WORK TASK: Look below for the line containing "MYTS Speed Pro" and the line containing "Grila bara fata", then set down both and every line between them exactly, without pictures.

─── EXERCISE INPUTS ───

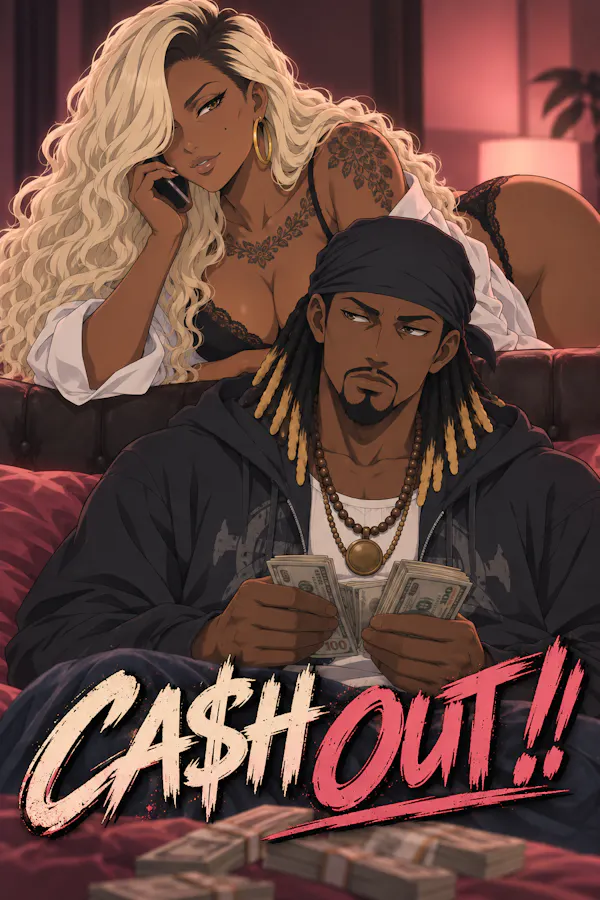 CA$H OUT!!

───
─── EXERCISE INPUTS ───

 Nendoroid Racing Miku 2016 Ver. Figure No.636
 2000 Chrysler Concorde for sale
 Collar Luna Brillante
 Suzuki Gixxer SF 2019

───
─── EXERCISE INPUTS ───

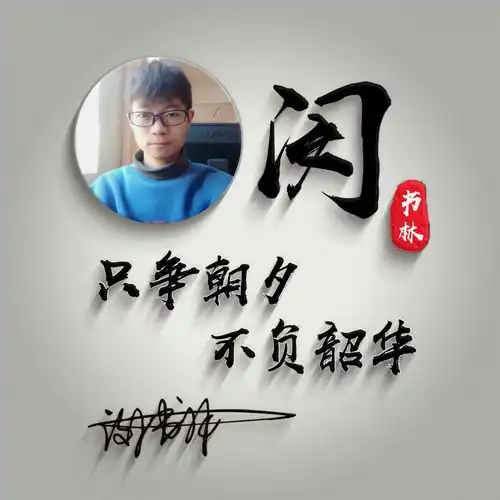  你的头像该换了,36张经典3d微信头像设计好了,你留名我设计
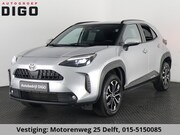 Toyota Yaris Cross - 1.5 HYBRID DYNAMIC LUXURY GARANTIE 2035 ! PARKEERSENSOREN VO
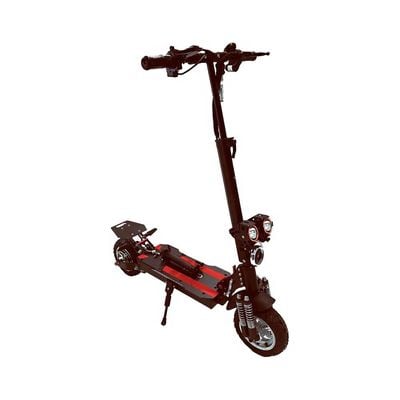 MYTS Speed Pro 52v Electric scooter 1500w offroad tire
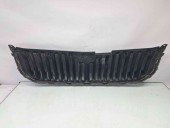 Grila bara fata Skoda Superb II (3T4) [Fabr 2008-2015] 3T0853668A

───

EXPECTED OUTPUT:
 MYTS Speed Pro 52v Electric scooter 1500w offroad tire
 Grila bara fata Skoda Superb II (3T4) [Fabr 2008-2015] 3T0853668A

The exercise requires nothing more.